Associate Professor of Biblical Studies, Samford University

Honor Marriage

Exodus 20:14; 2 Samuel 11:1–5

If you are a parent, you know that there are some life lessons that are too important to be passed on to children just once. Some lessons, perhaps, can be handled in a single telling: pineapple doesn’t belong on pizza, the designated hitter is an affront to all right-thinking people, thou shalt not touch thy beloved father’s thermostat — those sorts of things. But there are other lessons, lessons in which matters of actual life and death are at stake, where just once won’t do.

We tell our children again and again to look both ways before they cross the street, to buckle up when they get in the car, to drive the speed limit and so forth. Some of these “life or death” lessons are so important that we try to get through to our children in multiple ways. We might simply forbid our children from doing something, but we might also try to show them that avoiding some particular action is just the smart thing to do.

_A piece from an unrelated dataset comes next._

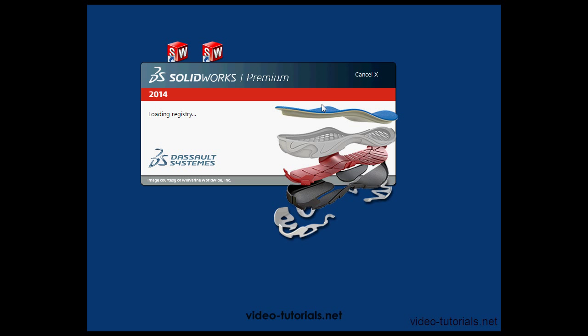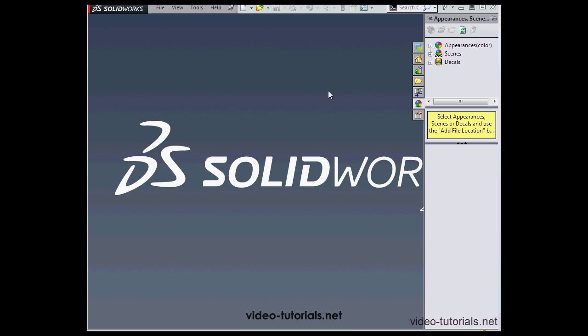Let's go ahead and start SOLIDWORKS. Notice how quickly it loaded. Well, it loaded this quickly because of the Fast Start option, I've got it enabled.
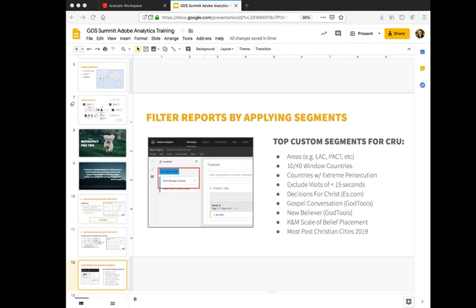We mark decisions for Christ based on everystudent.com, gospel conversations based on God tools, new believers via God tools as well when people indicate that they've prayed this prayer to invite Christ into their hearts in the app.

In our household, we were very clear with our children that illegal drugs were forbidden. At the same time, we also tried to explain why doing drugs wasn’t smart. We warned them about getting kicked out of school, getting arrested, having a wreck, getting a DUI and all the other dangers that drugs entail.

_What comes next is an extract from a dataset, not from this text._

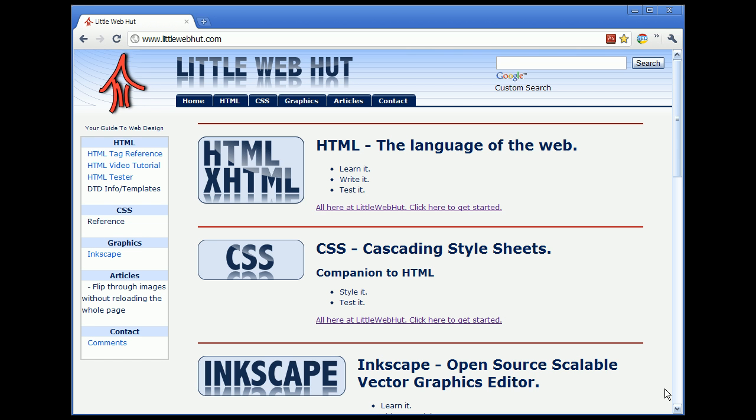This is the third in a series of videos designed to teach the basics of HTML. If you are new to HTML and have not watched the first two videos in this series, then you might want to go back and watch them before watching this video.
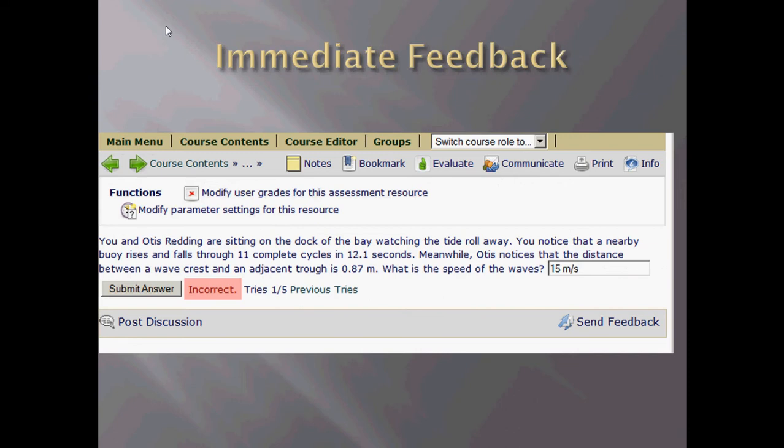And this is another example here where a student put in an answer, but it was incorrect. You can see the number of tries there, which the instructor has control on how many tries they want their students to be able to have before the final answer is given. So it's very nice for the student to be able to get immediate feedback on how they're doing with the question.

It is interesting to see how often the Bible takes the same approach with certain issues, issues including adultery.

Honor marriage with faithfulness and purity. (Ex. 20:14)

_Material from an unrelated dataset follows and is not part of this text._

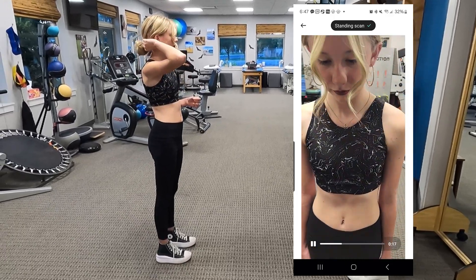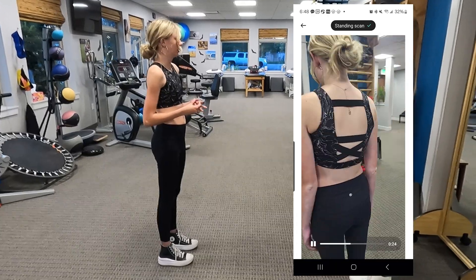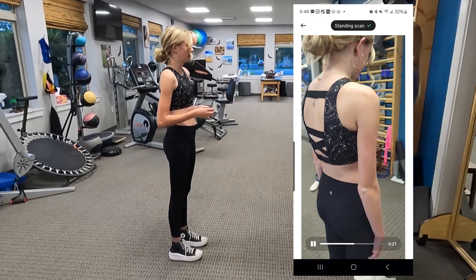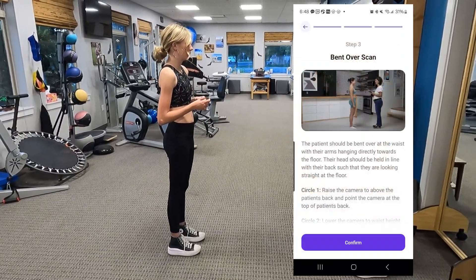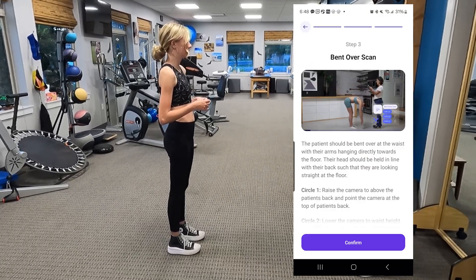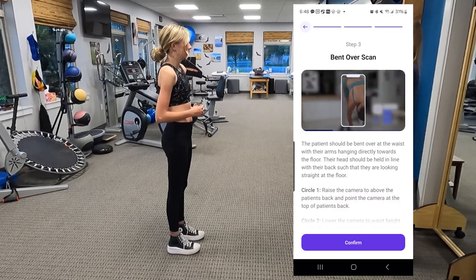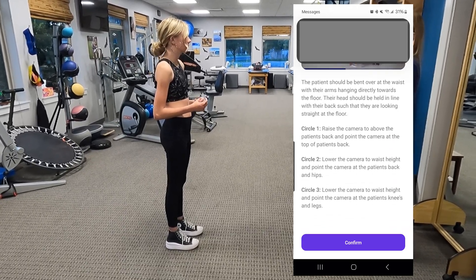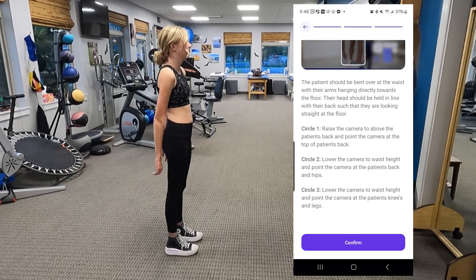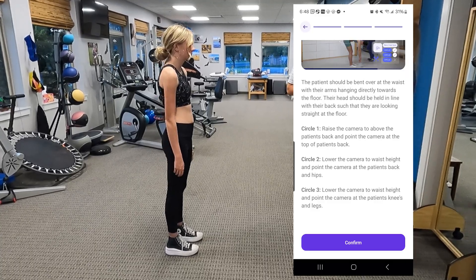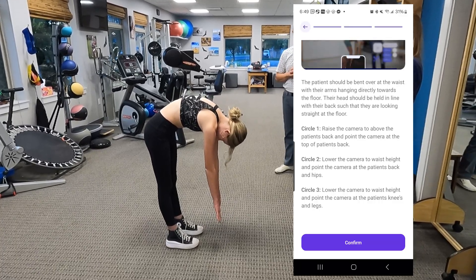One thing I might have had Addie do — she's looking down — I'd probably have her stand looking straight ahead, but that's okay. After the standing scan, it has you do a bent-over scan where you're bending forward, and that gets a look at the rotation of your back — kind of like when you're in the pediatrician's office and they have you bend forward to check for that rotation. We're doing three circles again. So just bend over like you're doing a scoliosis check, arms out and hanging, and hold that position.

On the one hand, the Bible issues a clear command on the matter: “You shall not commit adultery” is seventh of the Ten Commandments. Alongside this command (and others, by the way; see Lev. 20:10; Deut. 5:18; Matt. 19:18, etc.), the Bible also tries to show the wisdom of avoiding adultery.

The book of Proverbs especially takes this approach. Proverbs doesn’t repeat the prohibition against adultery; what it does instead is warn the reader of all the dangers and pitfalls that await those who pursue it. The sage in Proverbs warns that adultery leads to public humiliation when others learn about it (5:14; 6:35), that it leads to violence when the aggrieved husband finds out (6:34), that it can lead ultimately even to death and the grave (2:18–19; 7:23). Far better, Proverbs insists, is finding satisfaction and joy in the charms of one’s own spouse (5:15–19).

Let faithfulness and purity guard your thoughts. (2 Sam. 11:1–3a)

The latter half of King David’s life vividly illustrates the terrible consequences that can attend adultery. The story is familiar enough: David’s troops went off to war, but the great king opted to remain in Jerusalem. As he walked around on the roof of his palace, David made his grave error. It was not a sin for David to notice the beautiful woman who was bathing. It was not even a sin to be attracted to her. David’s sin came at the moment he chose to act on his attraction rather than turn away. At this moment his attraction turned to lust.

Faithfulness includes honoring the marriage commitments of others. (2 Sam. 11:3b–5)

The consequences of David’s actions would echo through the rest of his life. Caught in adultery, he would turn to murder to cover it up. Exposed as an adulterer, he would lose the respect of his family. Having lost respect for their father, one son would sexually abuse his half-sister, and another would launch a full-scale political rebellion; both would be killed in the process.

Speaking of adultery, Proverbs asks, “Can a man carry fire in his bosom without burning his clothes?” However attractive adultery may seem in the moment, God has ordered the world in such a way that consequence follows disobedience. God has given marriage to humanity as a gift; it is not just wrong but foolish to squander that gift.